# Homework Help: Calculate limit of piecewise function

1. Apr 24, 2016

### lep11

1. The problem statement, all variables and given/known data
a.) Let $f,g:ℝ→ℝ$ such that $g(x)=sin x$ and $f(x)= \left\{ \begin{array}{ll} x^2, x∈ℚ \\ 0 , x∈ℝ\setminusℚ \\ \end{array} \right.$. Calculate $\lim_{x \rightarrow 0} \frac{f(x)}{g(x)}$.

b.) Why l'Hospital rule cannot be applied here?

3. The attempt at a solution
$\lim_{x \rightarrow 0} sinx=0$

$\lim_{x \rightarrow 0} f(x) =\left\{\begin{array}{ll} 0, x∈ℚ \\ 0 , x∈ℝ\setminusℚ \\ \end{array} \right.$

How to begin? I suppose I cannot apply l'Hospital.

Last edited: Apr 24, 2016
2. Apr 24, 2016

### andrewkirk

If you think about the values of $f(x)$ just on rational values of $x$, it should become apparent what the limit must be, if there is a limit. Call that number $l$. Then prove that $l$ actually is the limit by an explicit $\epsilon$-$\delta$ argument.

3. Apr 24, 2016

### lep11

The limit of $\frac{f(x)}{g(x)}$ is 0, right?

Last edited: Apr 24, 2016
4. Apr 24, 2016

### Ray Vickson

l'Hospital's rule does not apply because $f(x)$ is not a differentiable function.

5. Apr 24, 2016

### lep11

Yes, $f$ is continuous and differentiable only at x=0 which is not sufficient.

Last edited: Apr 24, 2016
6. Apr 24, 2016

### Ray Vickson

Right, because l'Hospital's rule talks about $\lim_{x \to 0} f'(x)$, not just $f'(0)$ (at least as it is usually presented).

7. Apr 24, 2016

### andrewkirk

You are correct. So now you need to prove it, using an $\epsilon$-$\delta$ argument. That is, prove that, for any $\epsilon>0$ you can find a $\delta>0$ such that $|x|<\delta\Rightarrow\frac{f(x)}{g(x)}<\epsilon$.

8. Apr 25, 2016

### lep11

If $x∈ℝ\setminusℚ$, then $\lim_{x \rightarrow 0}\frac{f(x)}{g(x)}=\lim_{x \rightarrow 0}\frac{0}{sinx}=\lim_{x \rightarrow 0}0=0$ That's trivially true.

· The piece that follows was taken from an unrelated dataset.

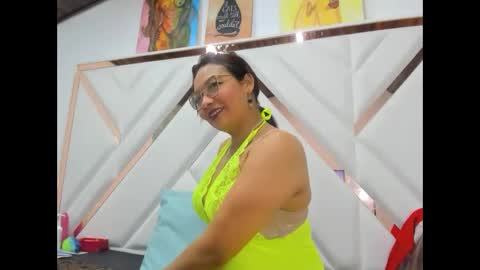 Snapshot of valeria_gil_ chatting on December 3, 11:36 pm valeria_gil_ online show from December 3, 11:36 pm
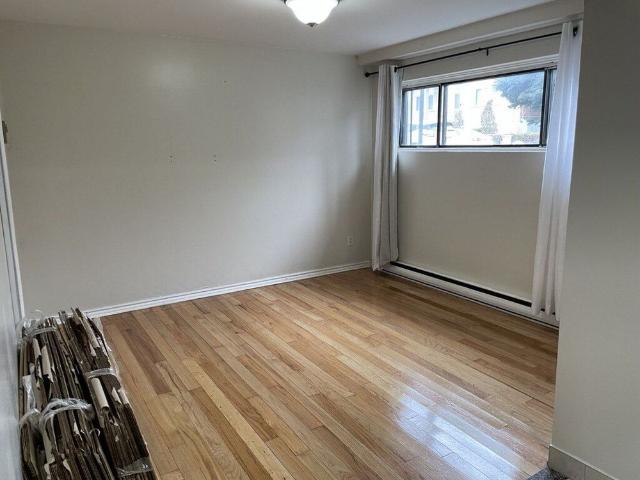 Demi sous sol 3½ Dans Une 4plex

If $x∈ℚ$, then $\lim_{x \rightarrow 0}\frac{f(x)}{g(x)}=\lim_{x \rightarrow 0}\frac{x^2}{sinx}=0$ (an educated guess)

Proof: Let $ε>0$ arbitrarily. Let $δ=+\sqrt(ε|sinx|)$

$|\frac{x^2}{sinx}|=\frac{x^2}{|sinx|}<ε$, when $|x|<δ=\sqrt(ε|sinx|)$.

My proof doesn't look very elegant, does it?

Last edited: Apr 25, 2016
9. Apr 25, 2016

### andrewkirk

$\delta$ cannot be a function of $x$, as $x$ is not defined in that context. You either need a more careful $\epsilon$-$\delta$ argument, or you can use l'Hopital on $\frac{x^2}{\sin x}$, use that to infer an $\epsilon$-$\delta$ relationship and apply that to the restricted domain of $\mathbb{Q}$.